═══ Dataset

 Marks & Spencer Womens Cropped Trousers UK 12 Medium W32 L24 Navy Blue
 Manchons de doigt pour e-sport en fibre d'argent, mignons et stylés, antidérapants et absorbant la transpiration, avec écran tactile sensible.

══════
═══ Dataset

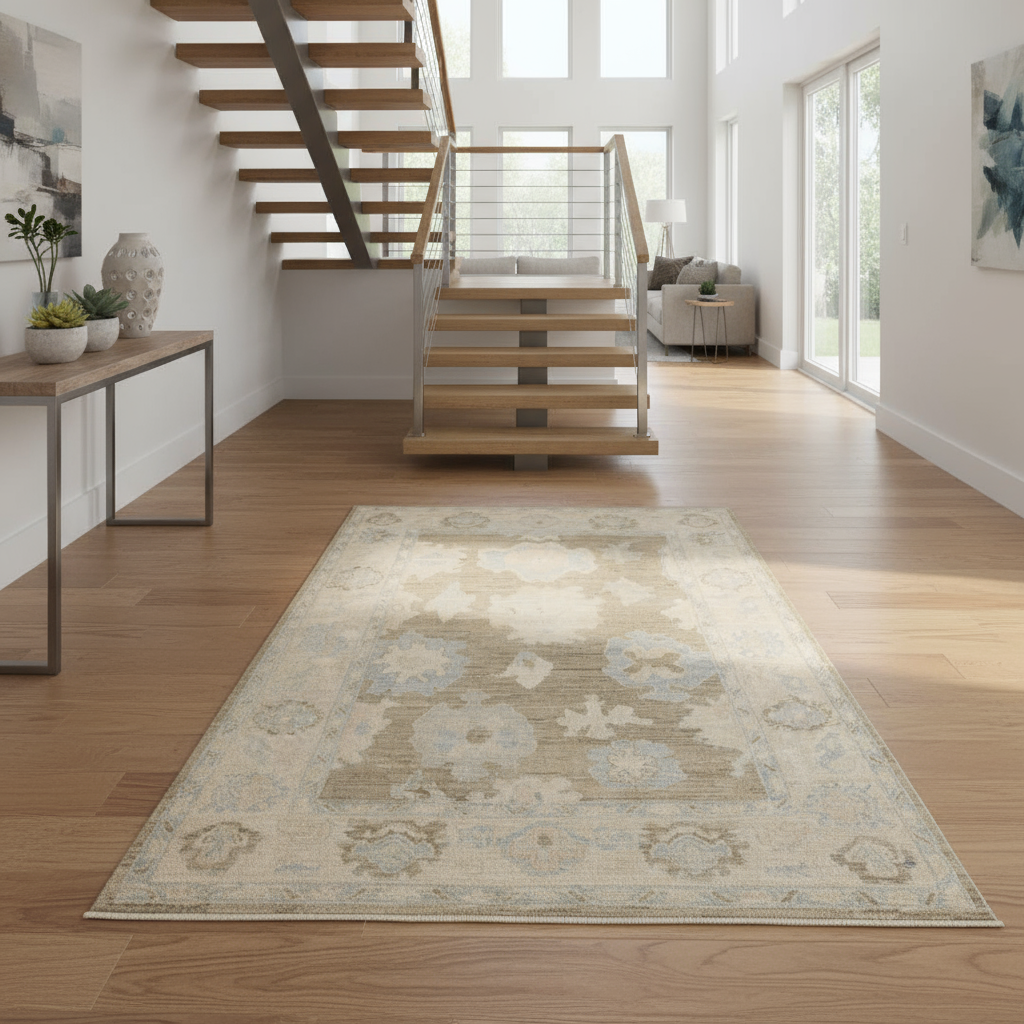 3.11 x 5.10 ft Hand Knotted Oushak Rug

══════

> [Problem]: Please output the lines of the listing above that fall in the stretch from the one with "Marks & Spencer" through the one with "Manchons de doigt", exactly and only those.

> [Result of the exercise]:
 Marks & Spencer Womens Cropped Trousers UK 12 Medium W32 L24 Navy Blue
 Manchons de doigt pour e-sport en fibre d'argent, mignons et stylés, antidérapants et absorbant la transpiration, avec écran tactile sensible.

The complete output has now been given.